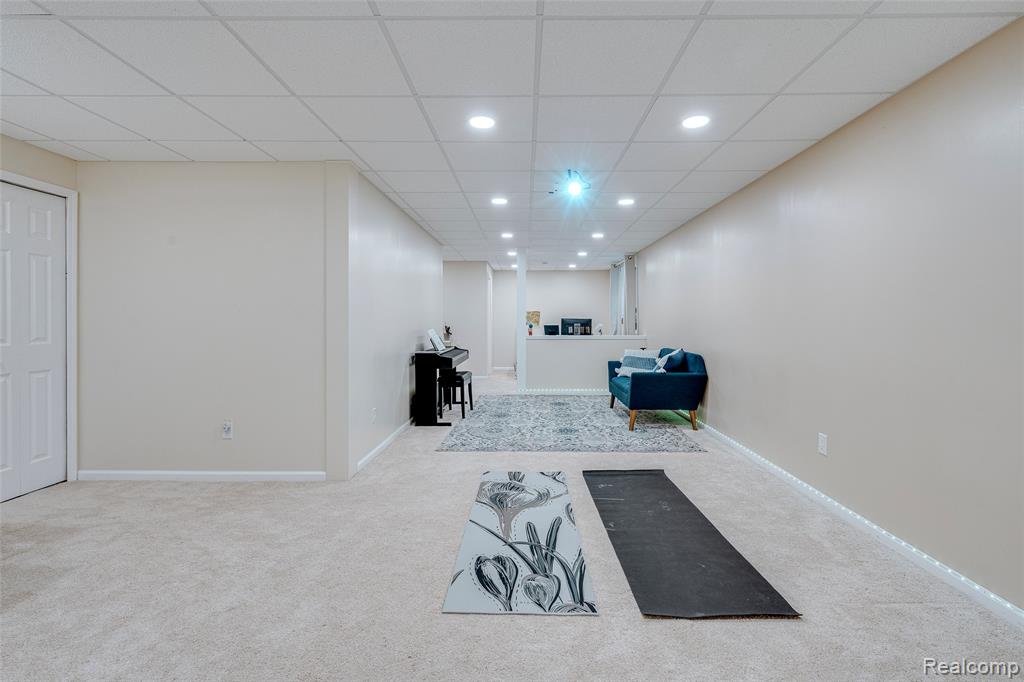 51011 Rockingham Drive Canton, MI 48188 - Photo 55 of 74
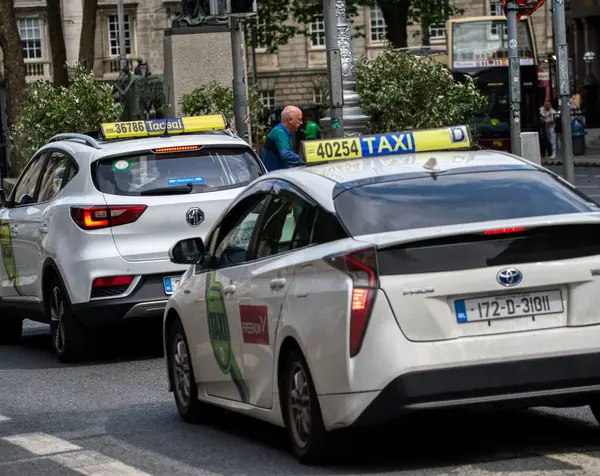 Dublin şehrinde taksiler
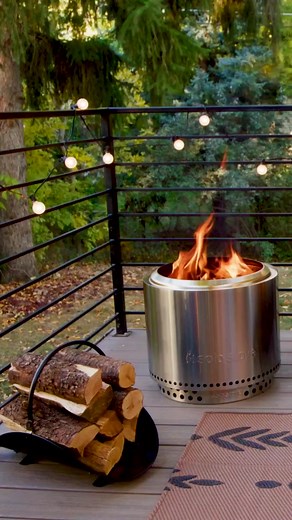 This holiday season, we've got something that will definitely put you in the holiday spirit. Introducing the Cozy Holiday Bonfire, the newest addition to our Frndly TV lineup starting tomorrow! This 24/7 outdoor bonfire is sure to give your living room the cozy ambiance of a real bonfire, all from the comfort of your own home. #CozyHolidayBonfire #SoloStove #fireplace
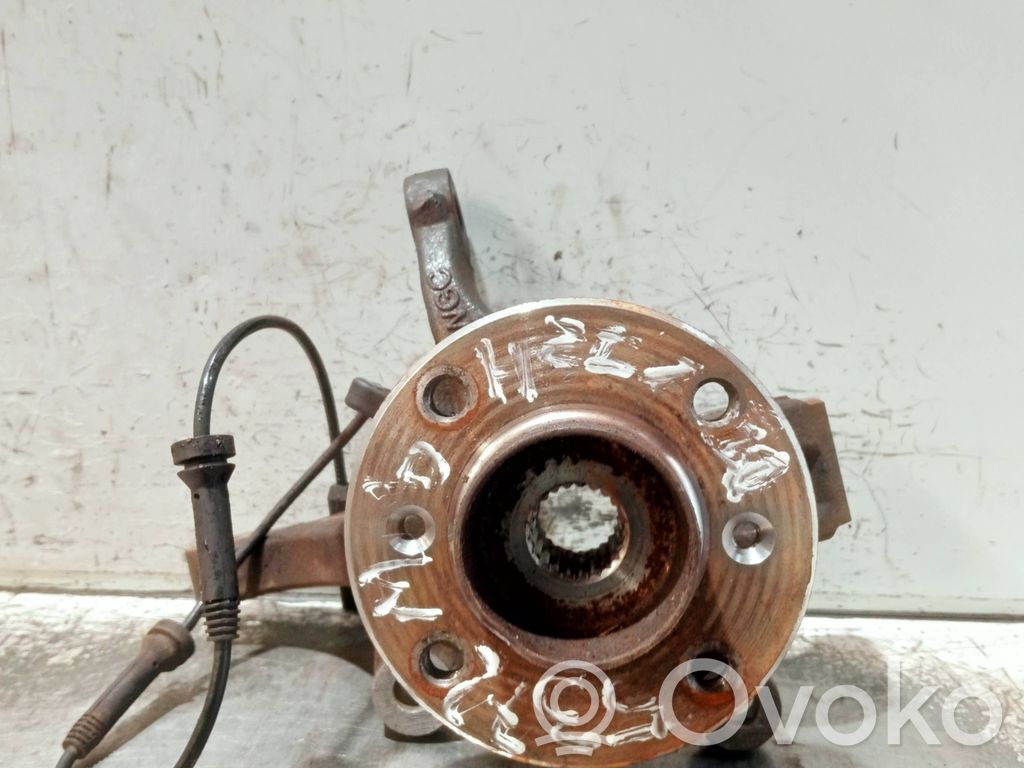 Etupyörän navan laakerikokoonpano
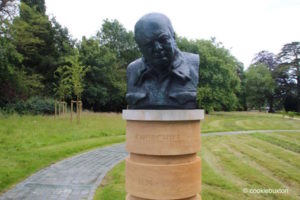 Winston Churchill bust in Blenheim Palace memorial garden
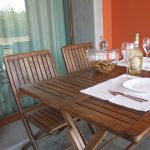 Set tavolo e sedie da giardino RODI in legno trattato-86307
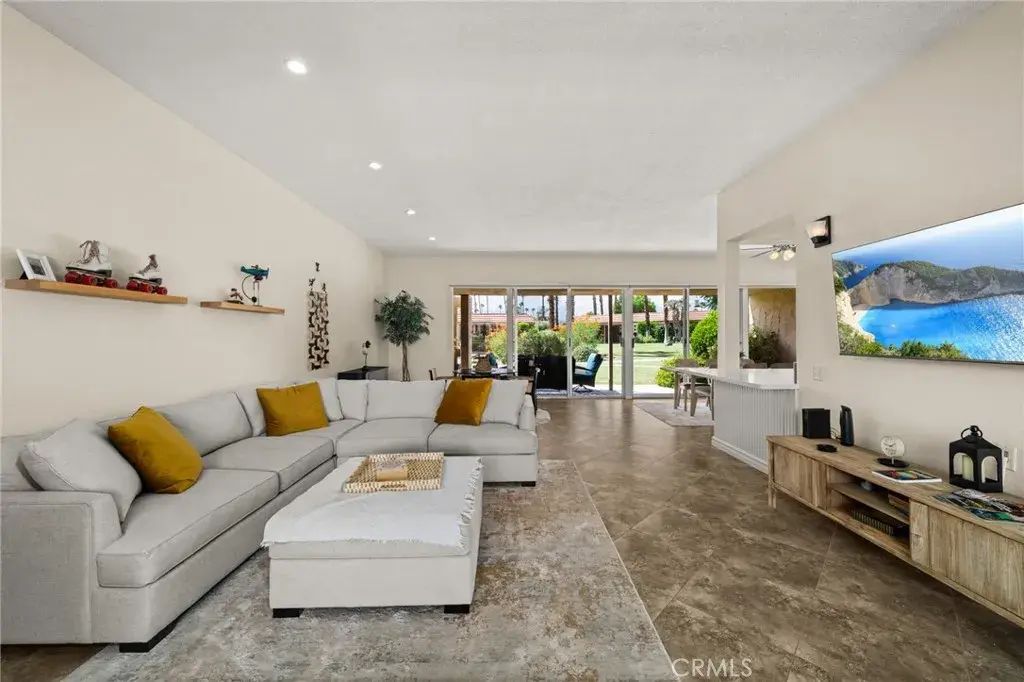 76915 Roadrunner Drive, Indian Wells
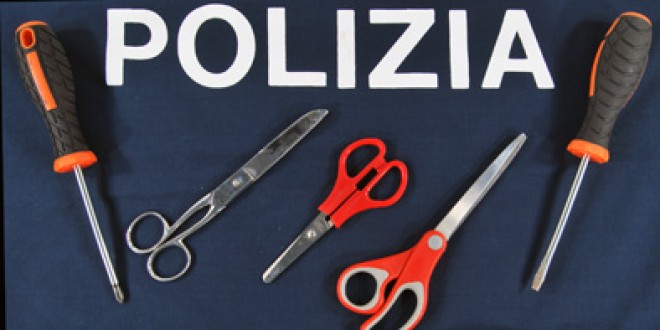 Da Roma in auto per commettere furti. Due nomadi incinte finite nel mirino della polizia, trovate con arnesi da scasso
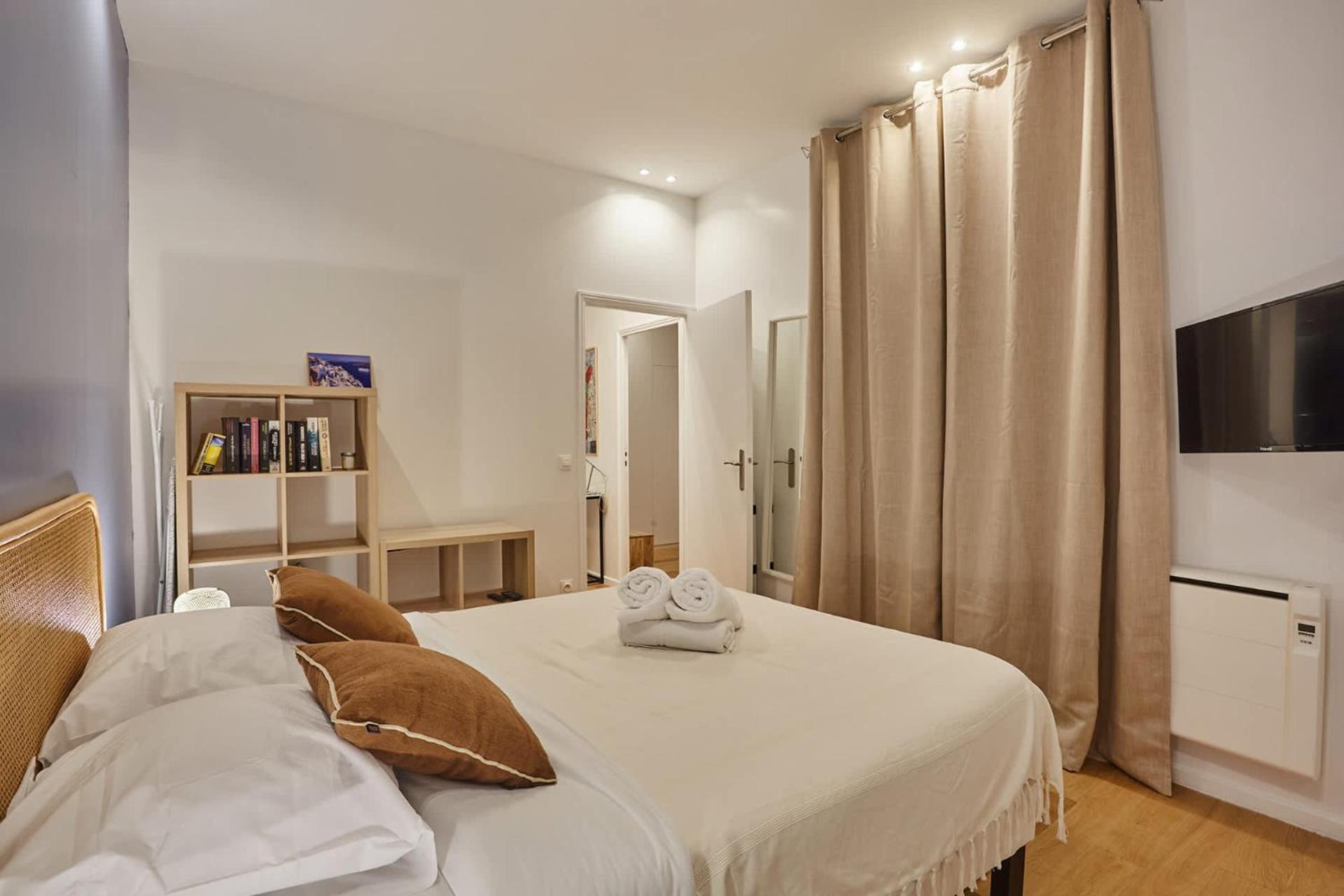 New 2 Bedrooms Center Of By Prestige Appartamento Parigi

HOW TO COMPLETE THIS TASK> Copy out, unchanged, the span of lines beginning with the one that includes "Da Roma in auto" and running through the final line of the material above. Leave the pictures out.

RESPONSE BOX>
 Da Roma in auto per commettere furti. Due nomadi incinte finite nel mirino della polizia, trovate con arnesi da scasso
 New 2 Bedrooms Center Of By Prestige Appartamento Parigi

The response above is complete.